Momencik, trwa przetwarzanie danych   loading-animation
zarchiwizowany

#64007

przez (PW) ·
| było | Do ulubionych
W ramach wstępu: od niedawna pracuję w kinie na kasie. Sytuacje zdarzają się różne, jak to w każdej pracy wymagającej kontaktu w większą ilością ludzi. Zazwyczaj bywa zabawnie – moim faworytem jest pani kupująca bilety na „Igrzyska Śmierci”, przy okazji myląc tytuł „Kosogłos” z „Kosodrzewiną”, oraz pan reagujący na ceny bilatów okrzykiem „Święta Rosjo, matko wszystkich narodów, czy wyście ocipieli?!”. Bywa również upierdliwie: sama też uważam, że wypad do kina pochłania zdecydowanie za dużą część zawartości portfela, ale nigdy nie przyszło mi do głowy robić z tego powodu wyrzuty kasjerce, podobnie jak nigdy nie nawrzucałam pracownikowi kina za to, że lokalna gazeta wydrukowała zły rozkład filmów. Dziś jednak o sytuacji może nie jakoś wielce piekielnej, ale z pewnością dziwnej.

Godziny przedpołudniowe, względny spokój, widok kobiety z dzieckiem od razu narzuca odruchowe zerkanie na listę bajek, jakie zaczynają się w najbliższych godzinach.

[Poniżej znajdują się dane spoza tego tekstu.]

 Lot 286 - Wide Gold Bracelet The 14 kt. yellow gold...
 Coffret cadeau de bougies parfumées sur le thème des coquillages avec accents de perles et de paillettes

Ostatecznie dziecko - na moje oko dziewczynka, ale kto tam wie, tyle teraz tego „gender”... ;) - wybrało moje stanowisko i na wstępie poprosiło o bilety na „Paddingtona”. Uśmiechnęłam się i już wybrałam odpowiedni seans, ale z dalszymi krokami czekam na Panią Matkę, w końcu panem naszym osoba władająca gotówką. W końcu wyżej wymieniona podeszła, całkowicie ignorując przy tym pociechę, aż przez chwilę zwątpiłam, czy to aby na pewno przedłużenie jej drzewa genealogicznego.
[M]atka: Co jest o tej godzinie dla dzieci?
Aha, czyli idziemy w ulubione pytanie każdego kasjera, któremu obowiązek grzeczności dla klienta zabrania odpowiedzi, że tuż nad kasami znajduje się wielka tablica z rozpiską wszystkich seansów, jakie oferujemy. Cóż robić, taka praca.
[J]a: W ciągu najbliższej godziny mamy „Paddingtona” ...
[Dz]iecko: Tak! Chcę „Paddingtona”!
Cóż, mnie tam by to wystarczyło, ale widząc, że klientka wpatruje się we mnie wyczekująco, dodaję:
[J]: ...i „Dzwoneczka”.
Tu dziecko wydało z siebie jęk bardzo dobitnie pokazujący, co sądzi o propozycji numer dwa. I znowu: opinia dość jednoznaczna, ale klientka coś kręci nosem.
[M]: A co by pani polecała dla dziecka?
Dla pewności jeszcze raz zerknęłam na dzieciaka, ale nie, nadal wygląda na jakieś osiem, może dziewięć lat - wiek w którym raczej nie wybiera się mu już bajek na zasadzie „ogarnie fabułę, czy nie ogarnie, oto jest pytanie”, bo umie samo zdecydować, na co ma ochotę. Często zdarza się, że rodzice pytają o radę (ludzie wychodzą z założenia, że oglądamy wszystko, co mamy w ofercie i nawet kupując bilety na premierę potrafią zapytać, czy film widziałam i czy dobry. Tak jakbym mogła odpowiedzieć, że nie i radzę nie kupować...), ale głównie w przypadku maluchów w wieku przedszkolnym, a nie dość dużych dzieci. Oba filmy w 2D, więc nie chodzi również o kwestię różnicy w cenie, czy męczenie oczu w okularach.
[J]: Wie pani, to zależy od tego, co dziecko lubi.
[Dz]: Ja chcę „Paddingtona”!
Klientka kręci nosem jeszcze bardziej.
[M]: Ale co jest według pani lepsze.
Tu już cierpliwość zaczyna mi się kończyć, bo ileż można, ale staram się opanować chęć nabicia biletów na przeklętego misia i wciśnięcia ich dzieciakowi w ręce. Próbuję więc „delikatną” sugestią.
[J]: Ciężko powiedzieć, oba są ponoć bardzo dobre. Najlepiej byłoby zapytać dziecko, co by wolało.
[Dz]: „Paddington”!
Pani spojrzała na dziecko, potem na mnie, jeszcze raz na malucha i rzuciła:
[M]: Pani da dwa na „Dzwoneczka”.
Dziecko było w takim szoku, że bez protestów dało się odciągnąć od kasy.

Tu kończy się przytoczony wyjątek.